From the above dialogue, there is nothing to establish the fact of sexual intercourse - much less, to a degree of moral certainty. No mention is made that the organ of accused-appellant ever touched that of complaining witness; nor that complaining witness even saw what could have been the mischievous organ; much less that accused-appellant displayed any lewd designs. There being no carnal knowledge, there could not be any rape; hence, his conviction for rape cannot be sustained. Although a female's statement of actual penetration is not required in the prosecution for rape, some evidence, other than inference, is essential to prove intercourse.[3] There is none in the present case. For, not even Analyn's Ate Pilar nor Analyn's brother who were supposed to be sleeping with her at the time of the alleged rape was presented to confirm Analyn's claim that she was raped by her father. The conclusion then is inevitable that the testimonies of her Ate Pilar and her brother, if presented, would have been adverse to the prosecution.

By definition, rape is committed by having carnal knowledge of a woman with the use of force or intimidation, or when she is deprived of reason or otherwise unconscious, or when she is under twelve (12) years of age or is demented.[4] Carnal knowledge or sexual intercourse is a must-element in the crime of rape. Although full penetration is not required to sustain a conviction for rape, there must at least be proof beyond reasonable doubt of the entrance of the male organ within the labia of the pudendum of the female organ.
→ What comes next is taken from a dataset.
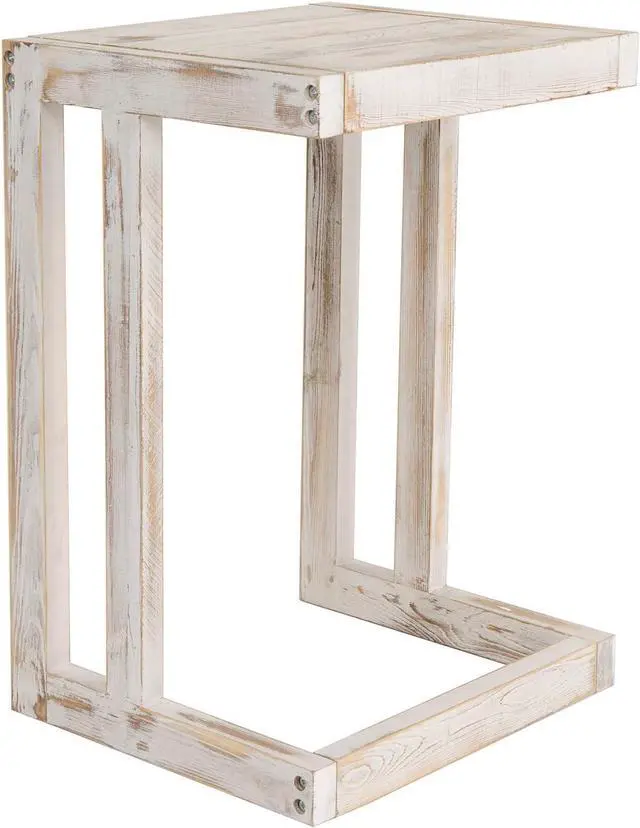 Alt view image 7 of 7 - MyGift Shabby Whitewashed Wood C Shaped Side Table End Table, Under The Couch TV Table for Living Room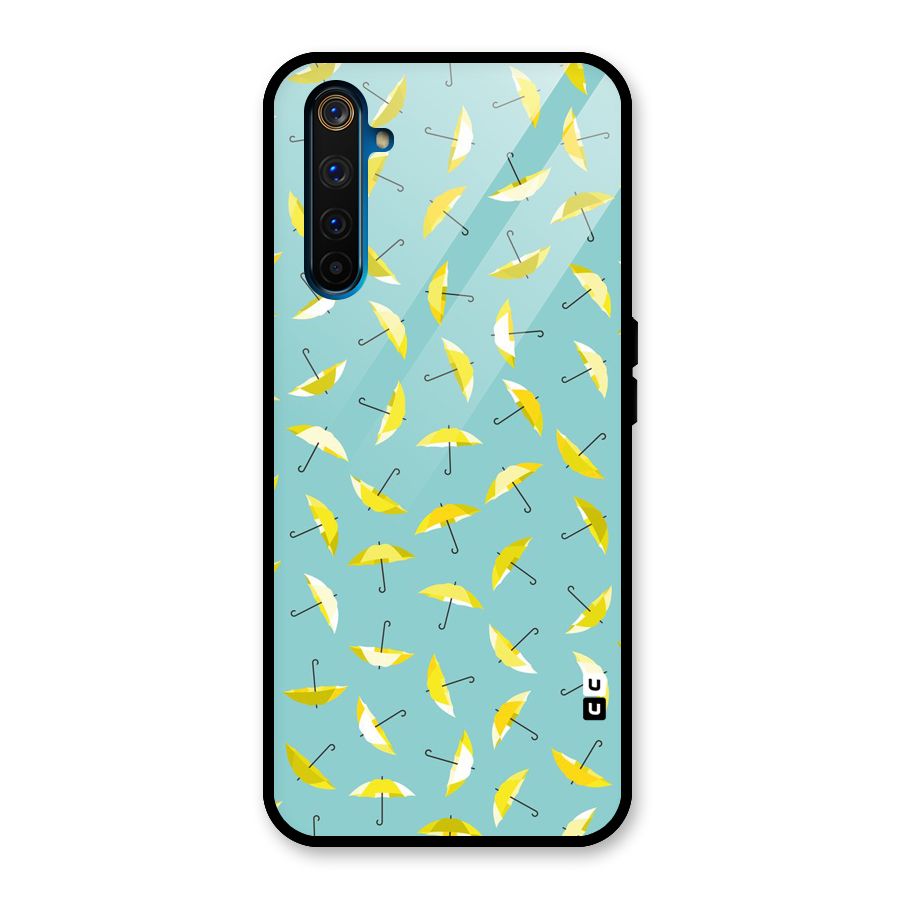 Yellow Umbrella Pattern Glass Back Case for Realme 6 Pro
Penetration of the penis into the lips of the female organ even without rupture or laceration of the hymen suffices to warrant conviction for rape.[5] But under Art. 335 of the Revised Penal Code, under which the accused was prosecuted, actual penetration of the female sex organ by the male sex organ is required as an element of rape. This penetration constitutes carnal knowledge which is synonymous with sexual intercourse.[6]

The trial court found that there was sexual intercourse. That conclusion, unfortunately, could have only been inferred from the fact that when Analyn woke up she found accused-appellant on top of her wiping her private parts. This is merely a sweeping generalization that cannot provide adequate basis for the conclusion that there was indeed carnal knowledge and therefore rape was perpetrated. While the intention of the prosecution might have been to establish that what was wiped out was semen or fluid released in orgasm by her father, neither Analyn nor any witness for that matter ever said so, much less, that it was preceded by an intercourse. Besides, that it could have possibly been the dènouement of self-indulgence by the father - who after coming home from a drinking spree found in the lure of the night a young body in his daughter lying before him, perhaps scantily clothed or bare at least to the waist - is not remote, otherwise, it could have been infused serum-like into her genitalia with nothing more to wipe out. This is a missing link, a vacuity, a vital element that is miserably lacking in the successful prosecution of the case.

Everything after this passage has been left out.